Auction Post Mortem for Thursday 2/22/2024 - Flops, Floats, and Flights

Auction Post Mortem for Thursday 2/22/2024 - Flops, Floats, and Flights

Watch the auction here.

I normally don't panic if the Sunday markets come and go and I don't have much for the coming Thursday auction. There's usually a couple of local auctions I can hit, or an antique store I haven't been to in a while, or maybe some choice stuff out in the barn I have been saving for a rainy day. It usually comes together, and what I think is going to be a slim auction turns into a block buster that goes til midnight. Despite some last minute consignments, that didn't really happen this week - the small auction stayed small, and with a lack of what I would call "high concept pieces" - things that really pack a punch. Don't get me wrong, there was plenty of cool stuff this week - the family bible, the Dresden art gallery book, the art deco decanters, and more - but nothing that I felt was really a WOW item that had the potential to take off into the stratosphere. In the end, the results of this week's auction I think were a float all across the board - steady results right around where I think the retail value of most of the items should predictably be.

Though there was nothing I would consider a flop this week, I did have a couple lengthy buying trips that I would characterize as flops. One was and hour and half drive to an auction house I hadn't bid with before to pick up two items - the nautical print of the ships in a rough harbor, and the pair of art deco decanters. The print cost me $61.50 - a $50 hammer price and a 23% buyer's premium - and did kind of crash and burn in my own auction, bringing only $25. That said, despite, I think, being a compelling image, it didn't really have any esoteric value to it, and that is sometimes required for artwork to really take off in my auction. Regardless, a nearly $40 loss hurts a bit. Fortunately, I was able to run the art deco decanters next, which brought a strong $95. I had paid $36.90 for them with buyer's premium, so I was pleased with that result. In the end, the two lots from this auction pick-up cost me $98.40, and brought $120. When you factor in gas and 3+ hours of my time, its hard to characterize that as anything but a flop. But sometimes I'm willing to put in some miles, burn some gas, and sacrifice some time to pad an auction and bring cool stuff to my audience, even if just for a flop.
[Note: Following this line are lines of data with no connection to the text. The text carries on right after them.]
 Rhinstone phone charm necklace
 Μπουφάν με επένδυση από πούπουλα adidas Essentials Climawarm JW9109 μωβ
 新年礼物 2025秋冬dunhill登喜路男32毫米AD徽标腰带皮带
In a similar event, I drove a half hour down the road to an antique store I usually skip over to see if they had anything new. They didn't, but knowing I had a slim auction this week, I picked up three things that had been sitting there for a while. First, the brass pocket watch stand with the bees and the bears. That cost me $61.20 with a 10% cash discount, and brought $70 come auction time; the Rebekah IOOF collar, bought for $58.50, and sold at a loss for $50; and the Venus weighing cupid print, bought for $38.00, and sold for $45. Like the trip to the auction house above, the $11.10 profit from this trip was hardly worth my time. That said, I wouldn't say that any of these items flopped - I think they all brought just about what they were worth, there just wasn't much meat left on the bone after my expenses.
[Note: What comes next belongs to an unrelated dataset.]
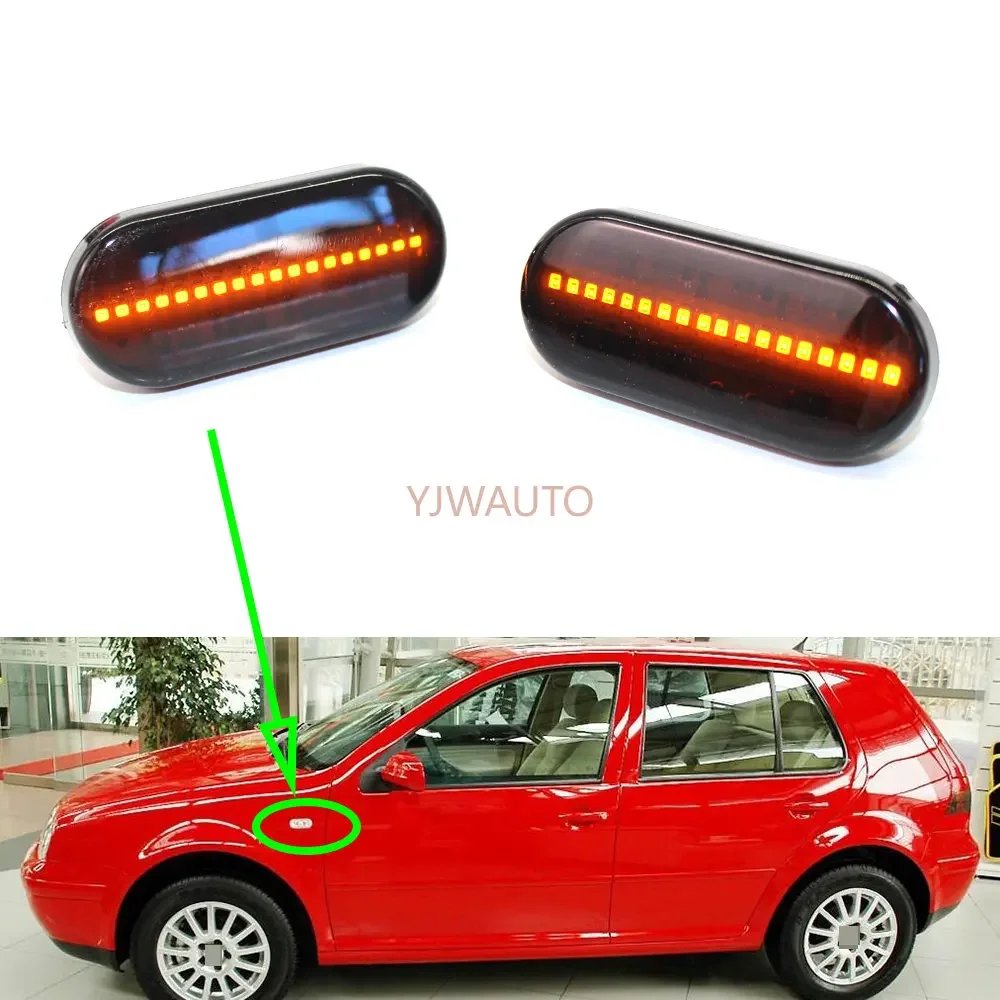

Для Volkswagen VW Golf MK4 Jette Beetle Passat Bora боковой лампы автомобиля дымчатый светодиодный боковой габаритный фонарь объектив крыло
I tell both of these stories not to complain at all - this job is fun, even when it doesn't pay off - but just to highlight how challenging it is to bring together an auction's worth of stuff each week as a one-man-show. There are just so many antique stores and auctions and flea markets around to supply me, and I grow pickier as time goes by. Gathering together a curated collection each week really is a full time job that's time consuming and expensive. Meanwhile, flea markets are closing, local auctions are scaling back (I don't think there's any decent once-a-week in-person auctions near me anymore), and lots of stuff is moving online, so buying becomes more and more challenging. Two potential ways to overcome these challenges are to take on more consignments, which I have been and will continue to do, and to work on getting into more houses and estates, which I am too shy and lack the resources to really do right now. These are just some thoughts should anyone care to read them. Let's get on with some flops, floats, and flights:

Float: G. Juvet Coin Silver Pocket Watch with Watch Chain and Photos

Consigned, Sold $250

One item that was consigned last minute this week was a really fabulous G. Juvet pocket watch with an even more fabulous watch chain. What made it extra special was that it included two cabinet card photographs of the watch's original owner, with the watch chain on display in the photos. A very cool lot which brought a very cool $250, which is right around what I thought it would bring, so this stays at the float designation. A strong result, with, I think, room left for the buyer to make some money, especially if the pocket watch is repaired.

Float: 1873 Family Bible, Published by Richard Nagle, Boston, Massachusetts

Purchased $100, Sold $270

This bible is probably the best one I have ever had, in terms of quality and interest, and most importantly, condition. These bibles are always mangled. This one was in great shape. A $270 sale off of a $100 purchase is a very strong result, floating right along what I thought and hoped it would bring.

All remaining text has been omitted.